───── DATA
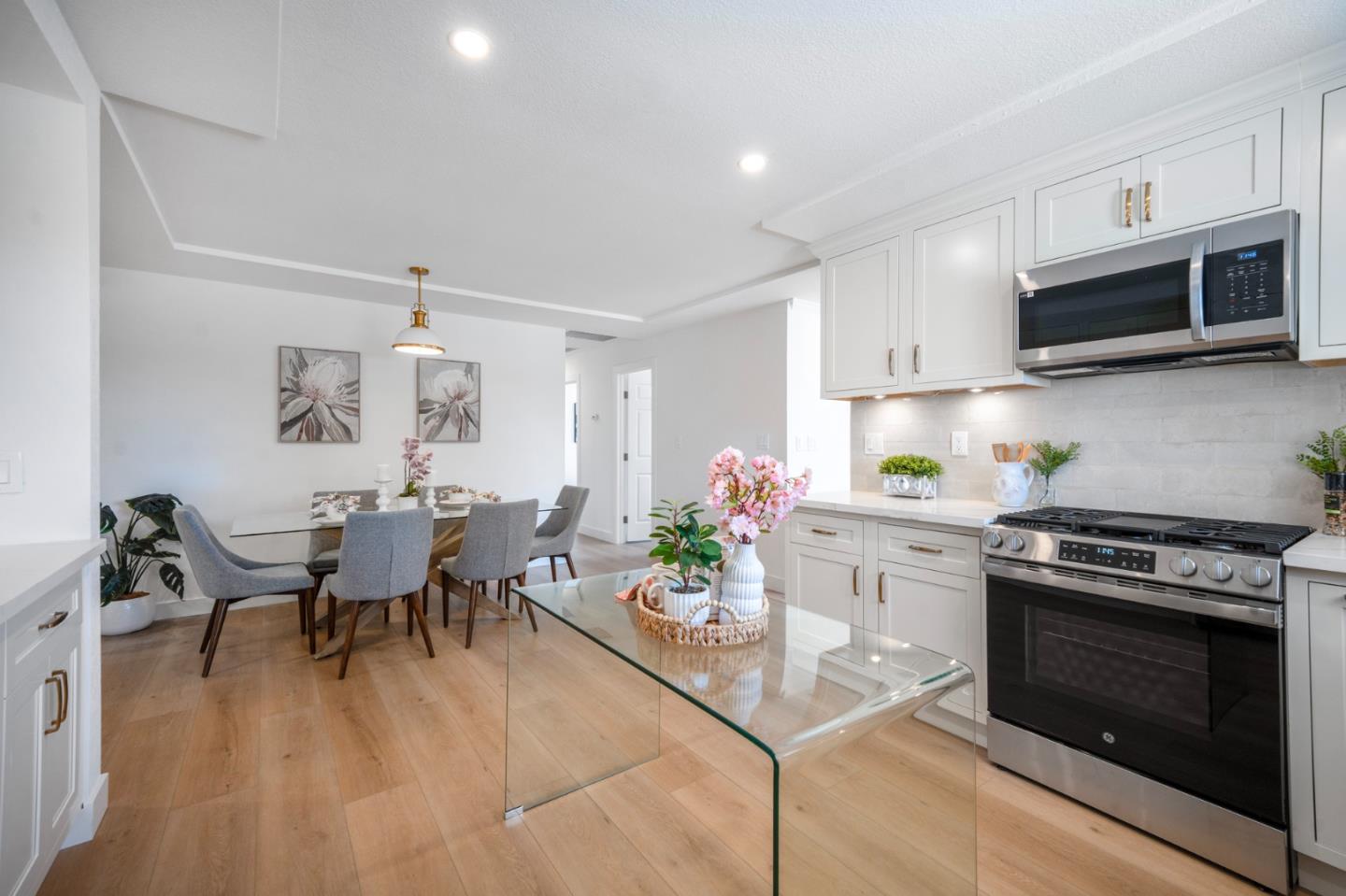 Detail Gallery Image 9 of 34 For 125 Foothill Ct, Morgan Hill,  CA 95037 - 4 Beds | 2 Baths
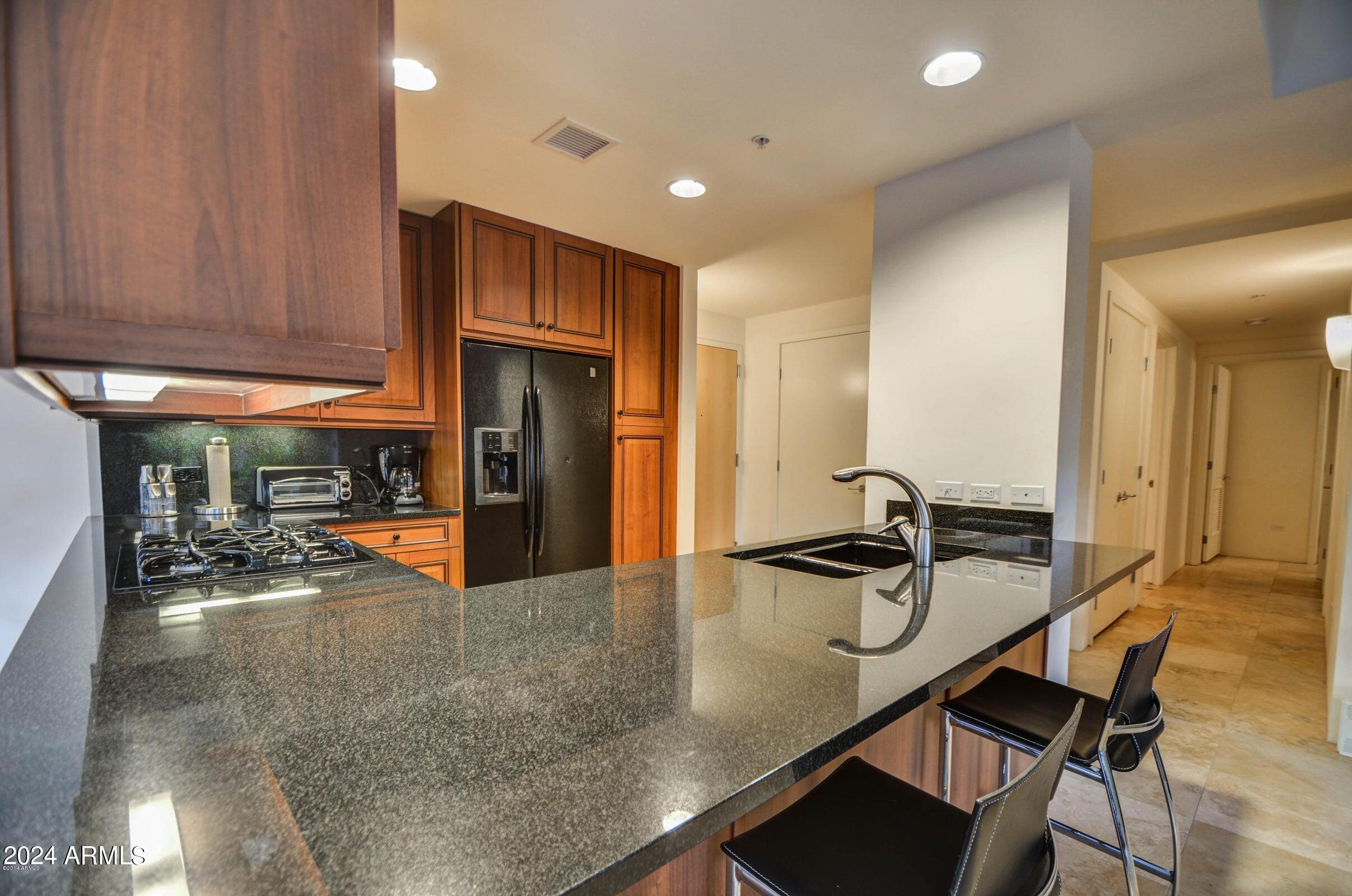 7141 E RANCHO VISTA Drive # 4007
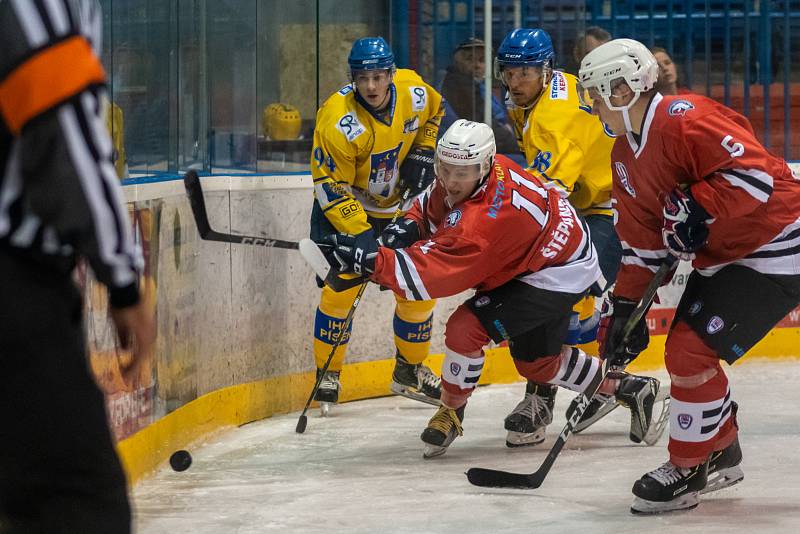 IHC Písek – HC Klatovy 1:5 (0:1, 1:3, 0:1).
──────────
• WHAT YOU NEED TO DO: Please return only the lines from the one holding "7141 E RANCHO VISTA Drive # 4007" through the end of the data, both ends included; do not copy any pictures.

• ANSWER FOR THE TASK:
 7141 E RANCHO VISTA Drive # 4007
 IHC Písek – HC Klatovy 1:5 (0:1, 1:3, 0:1).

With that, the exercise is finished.